Alberti G1, Iaia FM1, Arcelli E1, Cavaggioni1 , Rampinini E2
1, Department of Sport, Nutrition and Health Sciences, Faculty of Exercise Sciences, Universita` degli Studi di Milano, Milan, Italy;2, Human Performance Laboratory, MAPEI Sport Research Center, Olgiate Olona, Varese, Italy
Soccer is a team sport that requires prolonged, high-intensity, intermittent exercise and evidence from previous studies has shown that players experience fatigue toward the end of a match. Some preliminary observations indicate that goal scoring increases over time during the game; however, these preliminary results were obtained analyzing minor soccer leagues and/or using a limited amount of matches. The aim of this study was to examine the goal scoring patterns in four major European leagues (English Premier League, French Football Ligue 1, Italian Serie A and Spanish Football Liga) across three consecutive seasons (2008–09, 2009–10 and 2010–11). Chi square analysis revealed a significantly (p\0.001) higher goal scoring frequency in the second half (55.1 %) compared to the first half (44.9 %). The 15-min interval analysis highlighted a significant (p\0.001) upward trend in the number of goals scored as time progressed (13.7, 15.1, 16.2, 17.7, 17.2 and 20.2 %, for 0–15, 15–30, 30–45, 45–60, 60–75 and 75–90 intervals respectively).

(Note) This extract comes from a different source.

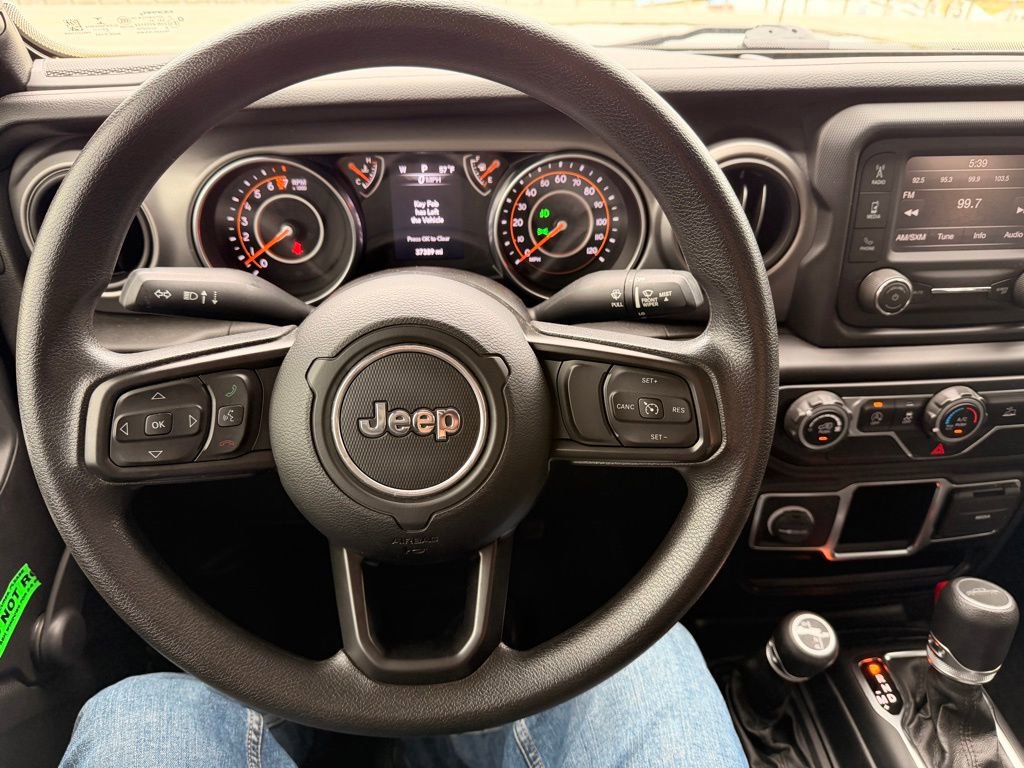 Used 2021 Jeep Gladiator Sport AWD/4WD image 14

The main finding of the present study is that in the four major European soccer leagues investigated the amount of goals scored is greater in the second half, with the scoring rate being highest in the last 15-min of a match. Fatigue occurring during the game may play a role; however, fatigue alone cannot explain the differences. The state of the games result and the reduced time available for scoring are other potential contributing factors to the increased goal scoring patterns observed in the latter stages of the game.